= Rock Township, Benson County, North Dakota =

Civil township in North Dakota, U.S.

Rock Township is a civil township in Benson County, North Dakota, United States. As of the 2000 census, its population was 39.

==Geography==
Rock Township is located at (47.9083319, -99.0837350) in public land survey Township 151N, Range 66W. It is almost entirely within the boundaries of the Spirit Lake Reservation. and has one of the lower population densities in Benson County, with 1.1 people per square mile. The Sheyenne River traverses the southern part of the township.

==History==
Homesteading in Rock Township began in the early 1880s, even though the Indian reservation did not officially open to settlers until 1904. James McLaughlin, who had been the chief Indian agent at the local Bureau of Indian Affairs agency on the reservation, reached an agreement with the Spirit Lake Sioux Tribe which permitted settlement by non-tribal members. President Theodore Roosevelt proclaimed homesteading the area officially open on June 2, 1904.

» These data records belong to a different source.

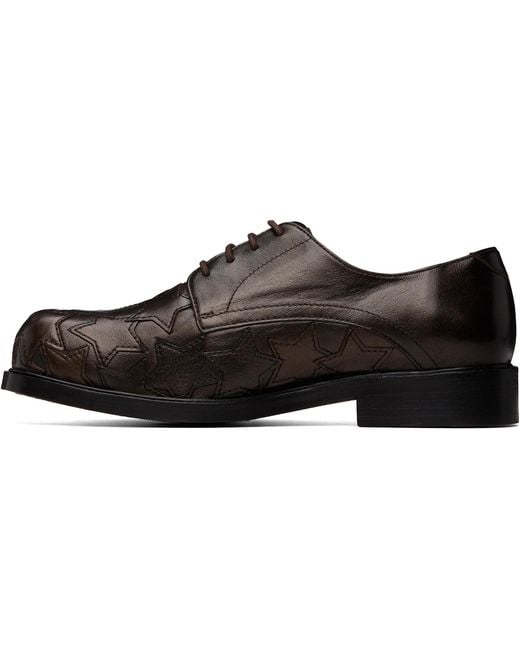STEFAN COOKE Brown Star Square Toe Derbys for men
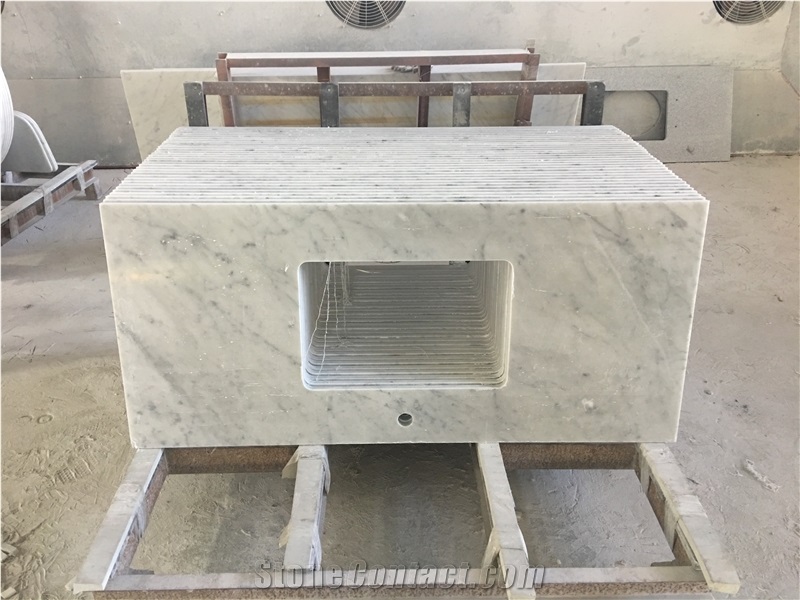 Carrara Marble Single Double Prefab Vanitytops Sinks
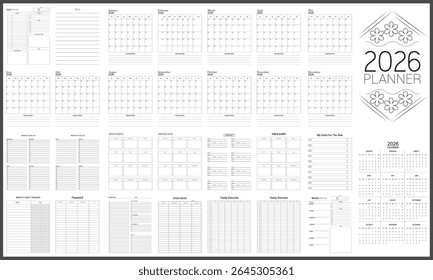 2026 calendar with planners vector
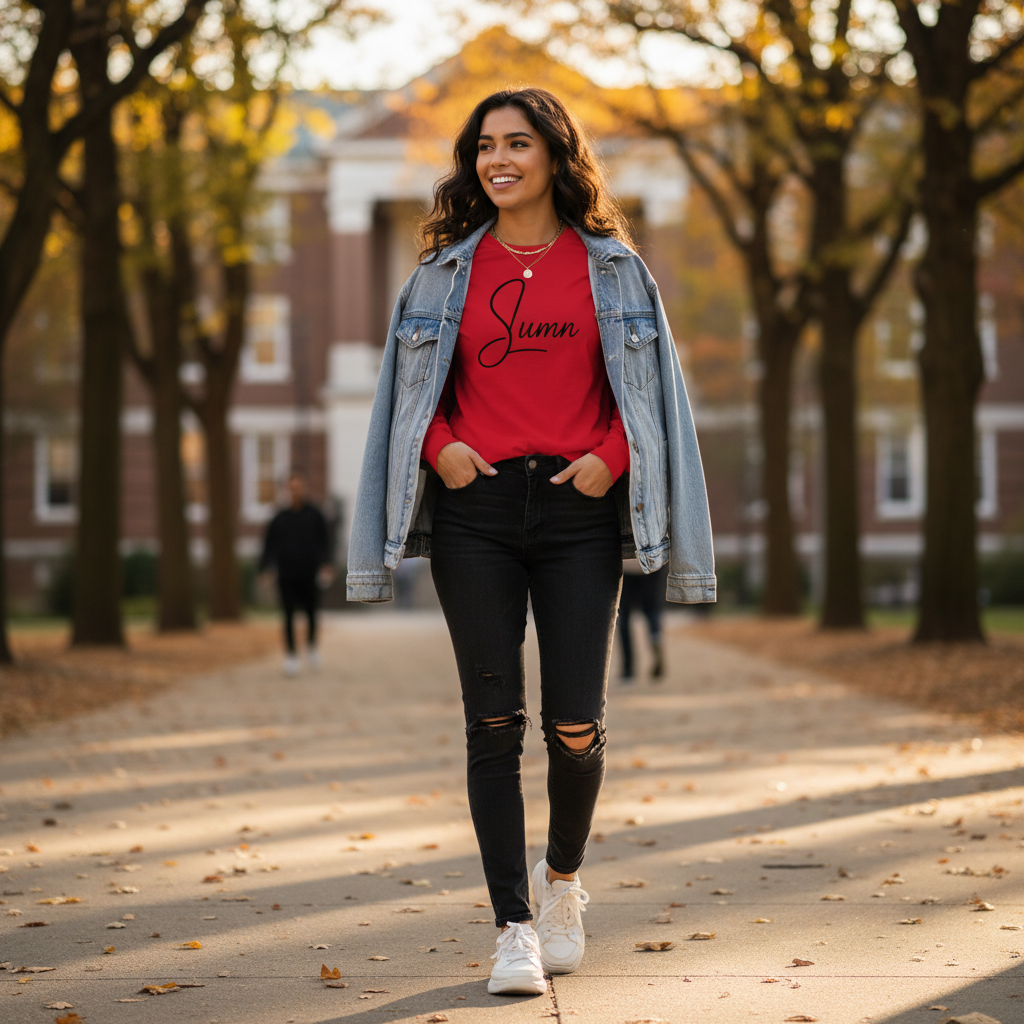 SLUMn Cursive Women's Long Sleeve Tee - Premium Heavyweight Cotton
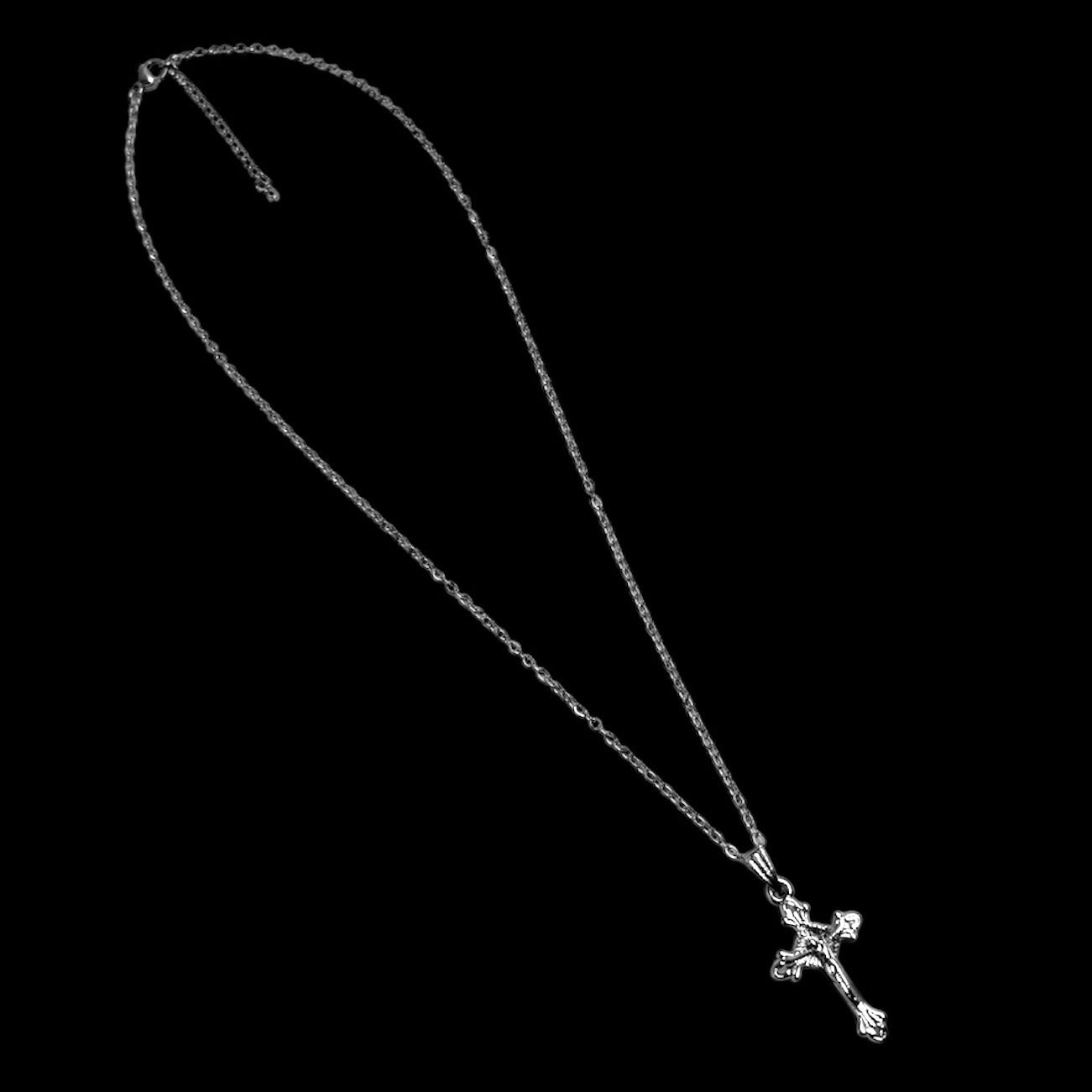 Silver Pointed Crucifix Necklace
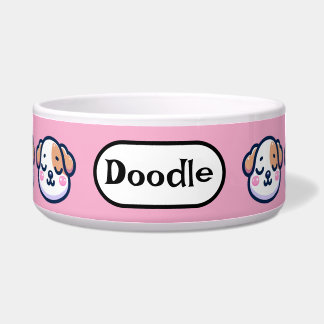 Tigela "Kawaii Dog Bowl Personalizado com Nome de etiquet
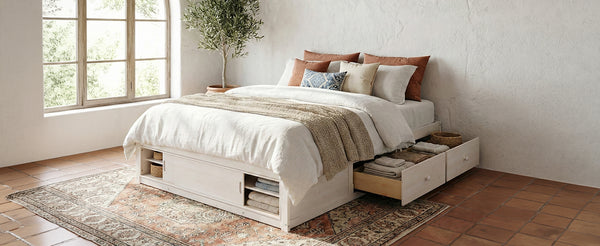 English Elm Queen Platform Bed with Four Storage Drawers Footboard Cubby Modern Low Profile Frame White LP000138AAK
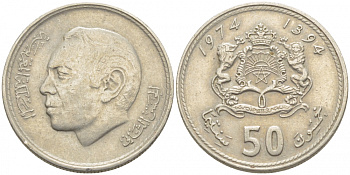 Марокко 50 сантимов 1974 АН 1394, Аль Хассан II (1962-1999) KM 62 медно-никель 112-546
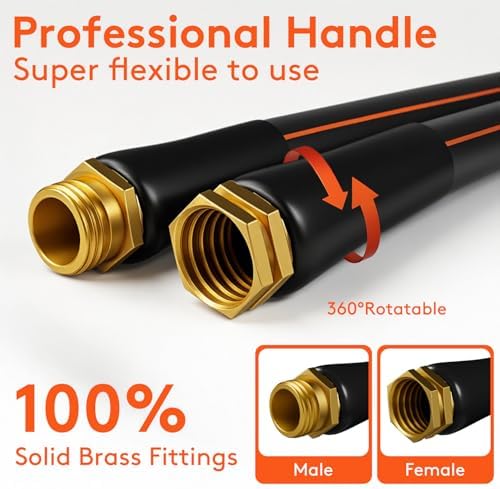 50FT x 5/8'' Flexible Garden Hose, No-Kink Rubber Water Hose, W.P. 200 PSI - Image 5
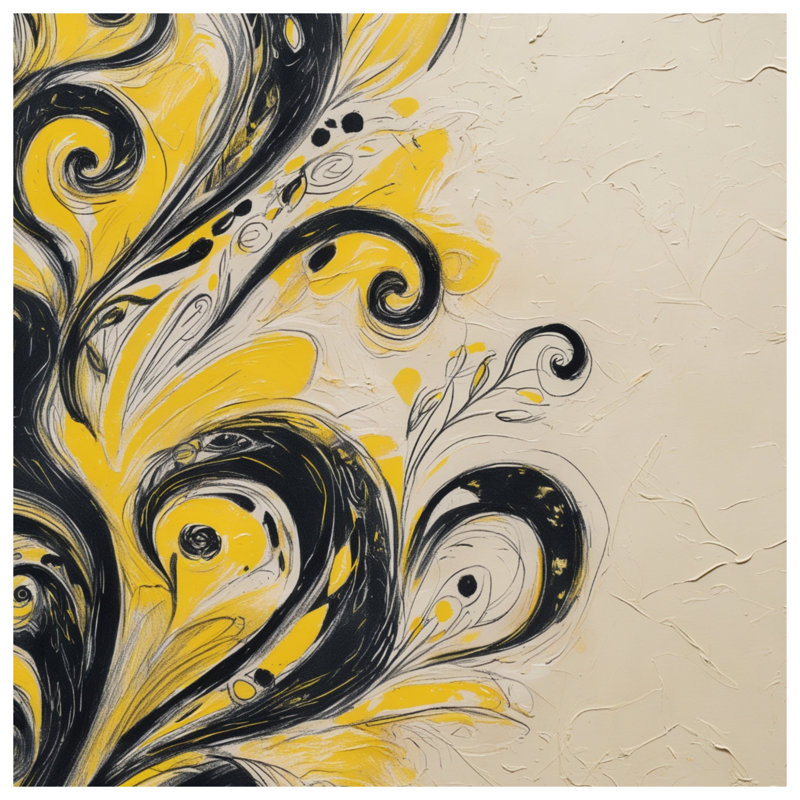 Toile abstraite à motif floral sur toile, 32 x 32 pouces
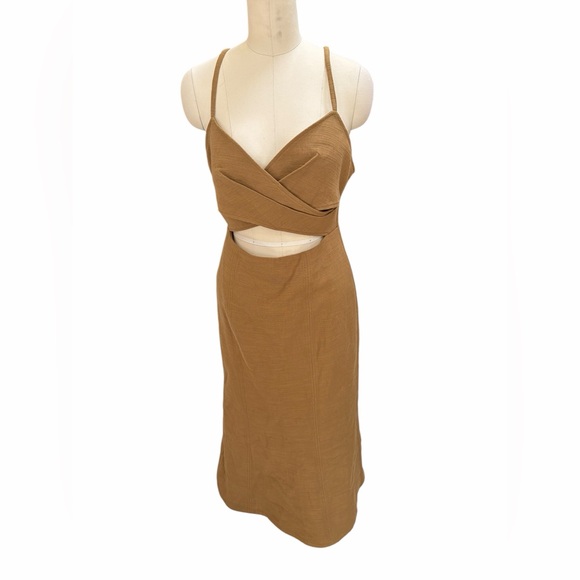 Significant Other FRANKIE MIDI DRESS - OLIVE size 6 cotton - Picture 3 of 8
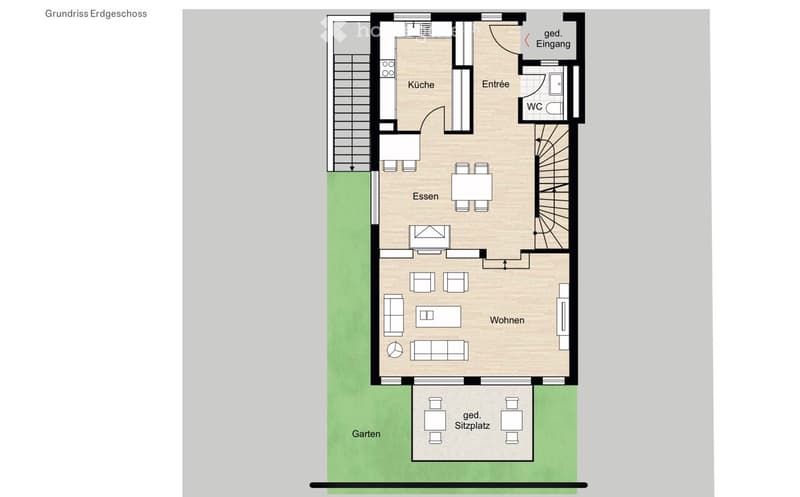 Ground floor layout showing kitchen, entrance, dining area, living room, WC, and garden seating area.
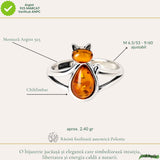 Inel Argint 925 Pisica cu Chihlimbar Natural - Intuitie, Energie Calda si Farmec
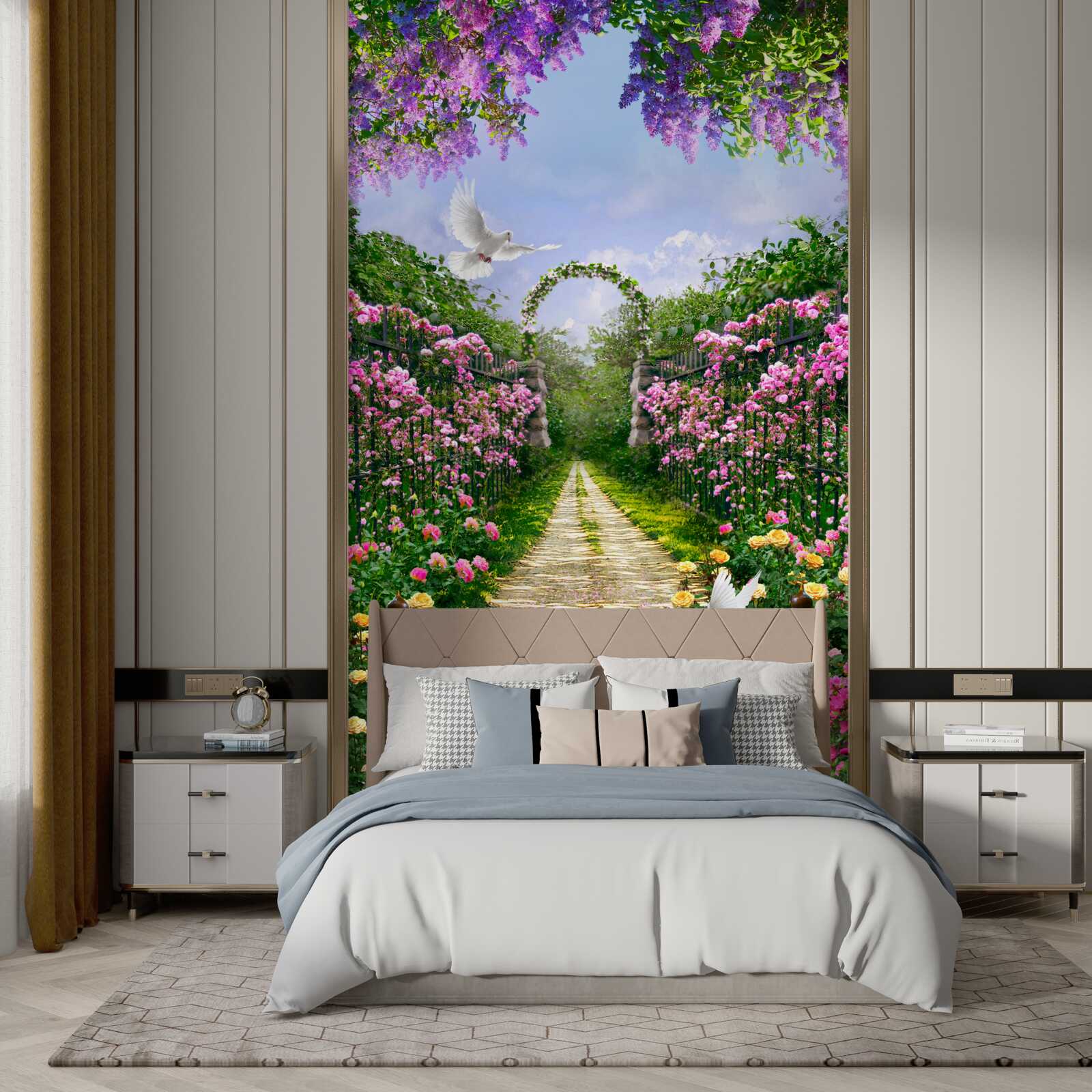 Fototapeta Ścieżka prowadząca do kwitnącego ogrodu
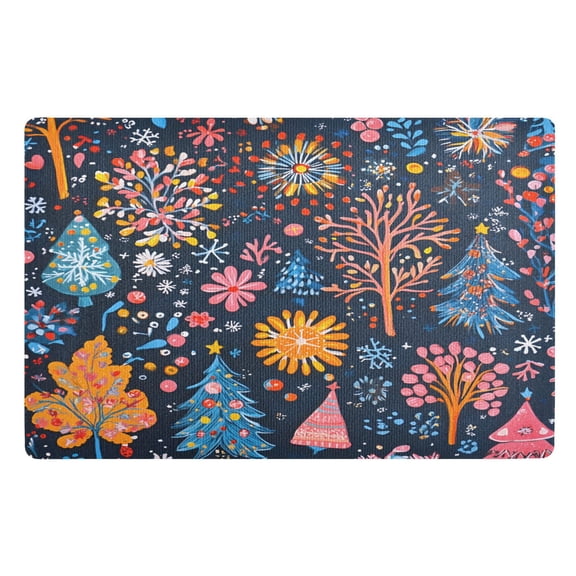 Yayeee Doormat for Inside 20"x32" Absorbent Low-Profile Washable Non-Slip Rubber Backed Entryway Rug, Pink Christmas Splendor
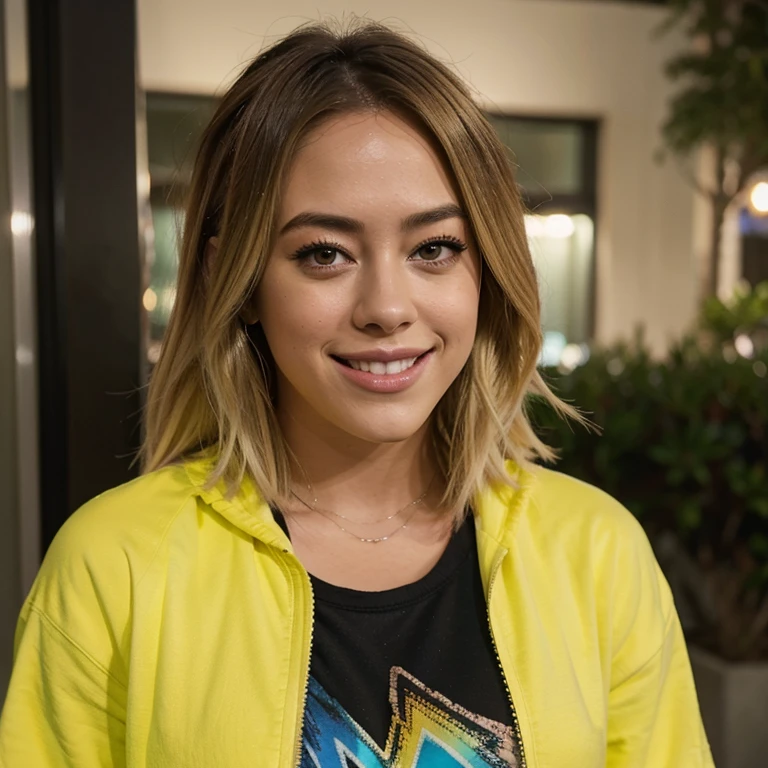 Chloe Bennet with dyed blonde hair at night wearing bright clothes smiling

By 1905 there were so many children that a school had to be built, and Plainview School District Number 31 was established that October. In 1910, township residents petitioned the county to allow them to formally organize a civil township with the name Plainview. However, there already existed a Plainview Township in Stutsman County, so the name Rock Township was adopted.

By 1920, approximately 35 children attended the Plainview School No. 1, and Plainview No. 2 and No. 3 were soon added. In 1953 there were not enough students to operate the Plainview School, so students were transported to nearby Sheyenne, with tuition paid for by the Plainview School District. In 1960, the Sheyenne School District and Plainview merged into one school district with shared bus service.

==Roads==
At one time, the roads in Rock Township were extremely poor. The main road from Sheyenne to Devils Lake was known as the "Sunshine Trail," with the only marking being the letter "S" on a piece of tin nailed to a post. Today, the road has been rebuilt and serves as U.S. Route 281.